- _Task to complete_
In the listing that follows, count the lines holding the word "file" and report only that number.

- _Record set_
=== Section Start ===

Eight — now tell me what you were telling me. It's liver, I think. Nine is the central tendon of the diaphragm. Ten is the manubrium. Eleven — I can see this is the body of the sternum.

=== Section End ===
=== Section Start ===

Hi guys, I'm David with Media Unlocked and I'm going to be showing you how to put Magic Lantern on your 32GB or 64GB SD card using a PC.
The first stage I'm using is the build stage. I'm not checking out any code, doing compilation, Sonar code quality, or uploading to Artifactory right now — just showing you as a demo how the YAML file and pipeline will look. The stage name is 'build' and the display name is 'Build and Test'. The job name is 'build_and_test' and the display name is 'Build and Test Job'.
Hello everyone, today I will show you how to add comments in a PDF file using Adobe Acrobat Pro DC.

=== Section End ===

- _Answer to the problem_
2